Il percorso è duro, i 4 mesi di ricovero sembrano infiniti, scanditi dalla routine della Tin. "Arrivavamo alla mattina prestissimo - continua Mirella - Francesco andava a lavorare e io rimanevo accanto a Sofia e Ginevra per tutta la giornata, poi veniva a prendermi e ritornavamo a casa la sera. In reparto comunque si poteva stare 24 ore su 24. Abbiamo anche richiesto il supporto della psicologa a disposizione dei genitori, ci è stata di grande aiuto".

Passano i giorni e Sofia e Ginevra restano aggrappate alla vita.
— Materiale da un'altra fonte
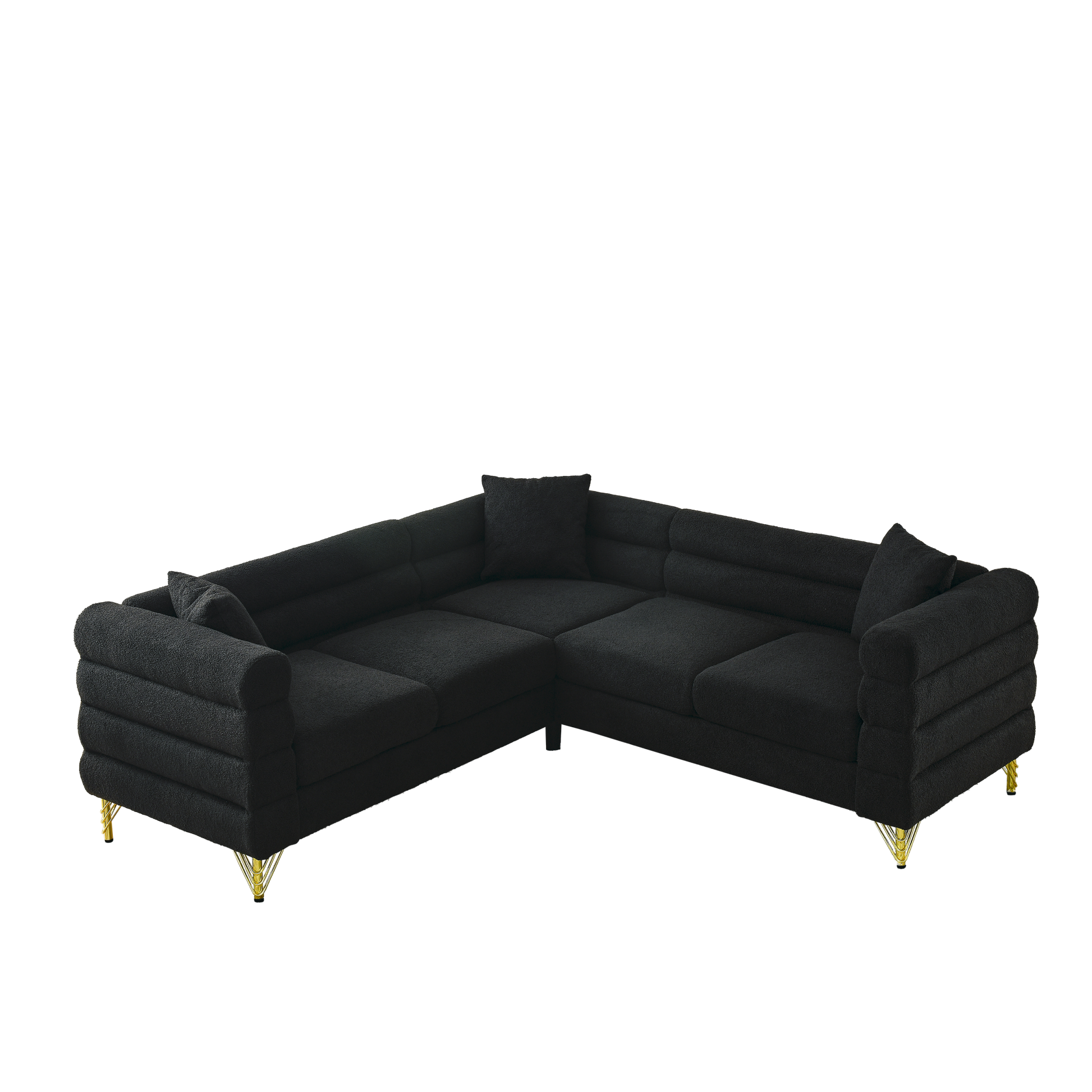 81.5 Inch Oversized Corner Sofa, L Shaped Sectional Couch,5 Seater Corner Sofas With 3 Cushions For Living Room, Bedroom, Apartment, Office Black Foam Teddy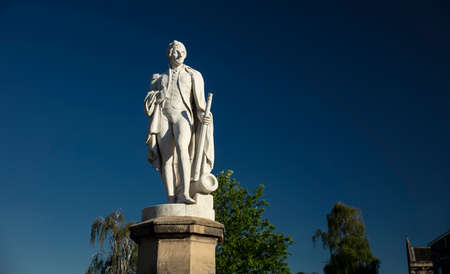 Norwich, Norfolk, UK, June 2021, a view of the statue of Admiral Lord Horatio Nelson in the Close by Norwich Cathedralのeditorial素材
Dopo il primo mese i progressi si vedono, ma ancora non bastano per tirare un sospiro di sollievo. "Mi ricordo che stressavo il personale del reparto: posso andare a prenotare il passeggino? Tutti mi dicevano 'no Mirella, è ancora presto'". Però i passi avanti continuano, i fili e tubicini cominciano a diminuire e può iniziare l'allattamento. "Ogni tappa raggiunta è stata celebrata - sorridono i genitori - Abbiamo festeggiato il primo mezzo chilo di peso, il primo mese, il primo chilo. E poi il passaggio dalla Terapia intensiva alla Sub-intensiva. Ogni traguardo raggiunto era una festa con il personale a base di prodotti siciliani: arancini e dolci tipici spediti dalla famiglia d'origine di Mirella. Era il minimo che potessimo fare per ringraziarli".

Poi finalmente arriva il giorno: dopo 2 mesi e mezzo in ospedale, i medici dicono sì all'acquisto del passeggino e si accende la luce in fondo al tunnel. Mirella se lo ricorda bene. "Ero felicissima, mi hanno detto 'vai a scegliere il modello più bello che c'è'" e lei lo fatto. Ora Sofia e Ginevra sono a casa con mamma e papà, ma il legame che li unisce al Niguarda resta saldo come un cordone ombelicale: "Torniamo spesso per visite e controlli e ogni volta passiamo a salutare in reparto - concludono - Per noi è un po' come una seconda casa. Insieme ai medici e agli infermieri siamo parte di una grande famiglia allargata. Sono loro i nostri angeli".